Effects of melittin on TNF-α/Act D-induced AML12 cells apoptosis. (a) MTT reduction was calculated to indicate cellular proliferation for 9 h. Melittin was applied at concentrations of 0.5, 1, and 2 µg/mL for 9 h in TNF-α/Act D-induced hepatocytes apoptosis. The percentage of cell survival was defined relative to the number of surviving untreated AML12 cells. FACS analysis of AML12 cells stained with PI. cells appearing as a G0, G1, S, and G2/M pear were scored as apoptotic. Panels correspond to (b) normal control, (c) AML12 cells treated with TNF-α/Act D, (d) AML12 cells treated with 1 µg/mL melittin together with TNF-α/Act D. Data are means ± SE (n = 3). *P < 0.05 compared to normal control, #P < 0.05 compared to cells treated with TNF-α/Act D Fluorescent photographic assessment of apoptosis in AML12 cells. AML12 cells were evaluated by morphological criteria after Hoechst 33342 nuclear staining (a–c) and JC-1 mitochondria staining (red and green; d–i) by using fluorescent microscope. (a) Normal control showed round nuclei stained at blue color. (b) AML12 cells treated with TNF-α/Act D showed fragmented nuclei. (c) TNF-α/Act D-treated AML12 cells with addition of 1 µg/mL melittin had decreased numbers of fragmented nuclei compared with TNF-α/Act D-treated AML12 cells. (d) Normal control showed a mixture of red and green structures. (e) In TNF-α/Act D-treated AML12 cells most of the fluorescence was green, with a great diffuse distribution in the cytosol. (f) TNF-α/Act D-treated AML12 cells with addition of 1 µg/mL melittin had increased mixture of red and green structures. Mitochondria respiratory inhibitors: rotenone (g), antimycin (h), oligomycin (i). a–c magnifications × 400; arrows region × 600; d–i magnifications × 400. (A color version of this figure is available in the online journal.)
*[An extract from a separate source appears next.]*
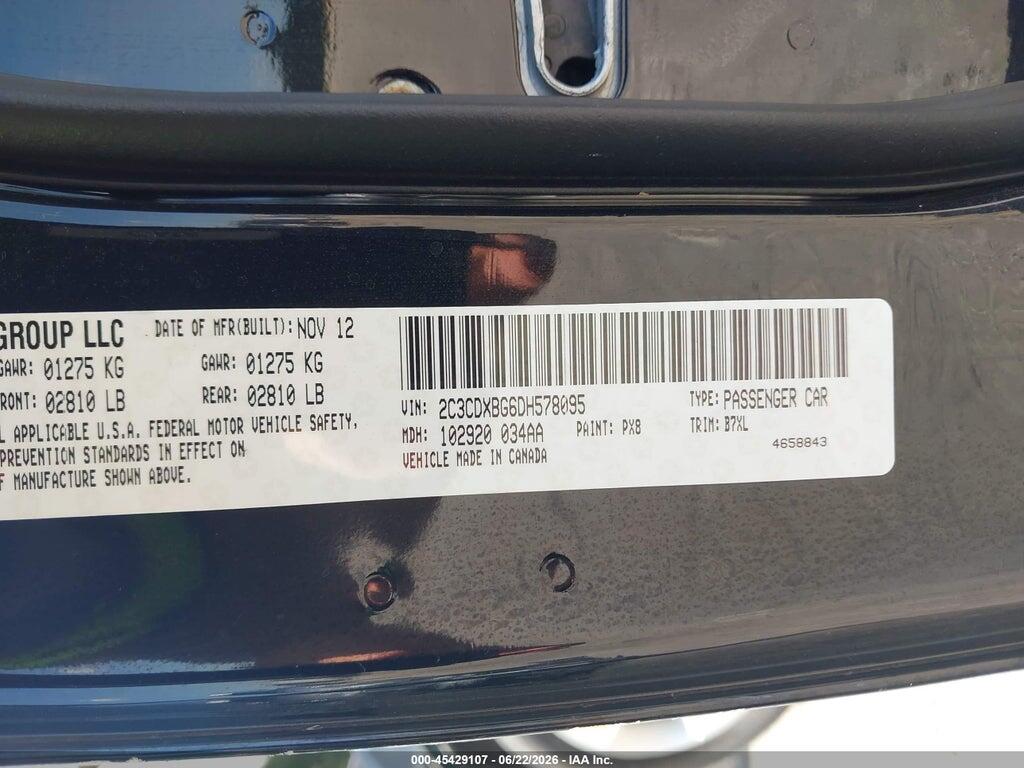 2C3CDXBG6DH578095 2013 DODGE CHARGER photo no. 9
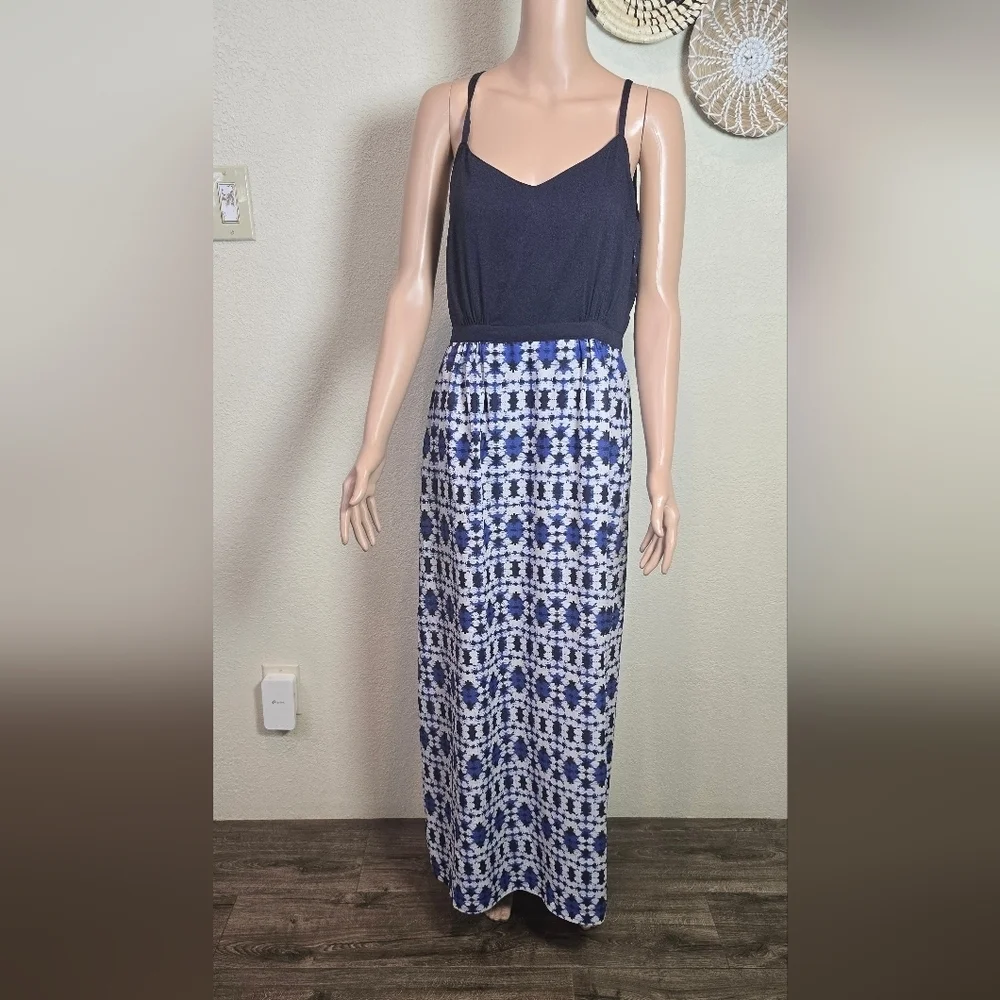 J. Crew Navy and White Geometric Maxi Skirt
Melittin protects against caspase- and PARP-1-induced apoptosis in TNF-α/Act D-treated AML12 cells
Most forms of apoptosis are mediated by the proteolytic action of caspase. Since caspase activation plays an important role in apoptosis and PARP-1 is a target of caspase activity associated with apoptosis, we investigated the activation of caspase 8 (18 kDa), caspase-9 (37 kDa), caspase-3 (17 kDa), and PARP-1 after the cells were treated with melittin at different concentrations (0.5, 1, and 2 µg/mL) for 9 h. TNF-α/Act D-treated AML12 cells showed increased cleavage of caspase-8, -9, and -3 (Figure 3). The addition of 1 µg/mL of melittin inhibited the proteolytic fragmentation of these caspases in TNF-α/Act D-treated AML12 cells. Moreover, the cleaved PARP-1 (89 kDa) appeared after 9 h of TNF-α/Act D treatment and its cleavage was reduced by the 1 µg/mL melittin treatment. Since PARP-1 cleavage coincides with pro-caspase processing, these results demonstrate that melittin protects TNF-α/Act D-induced apoptosis at a site upstream of caspase-3 activation.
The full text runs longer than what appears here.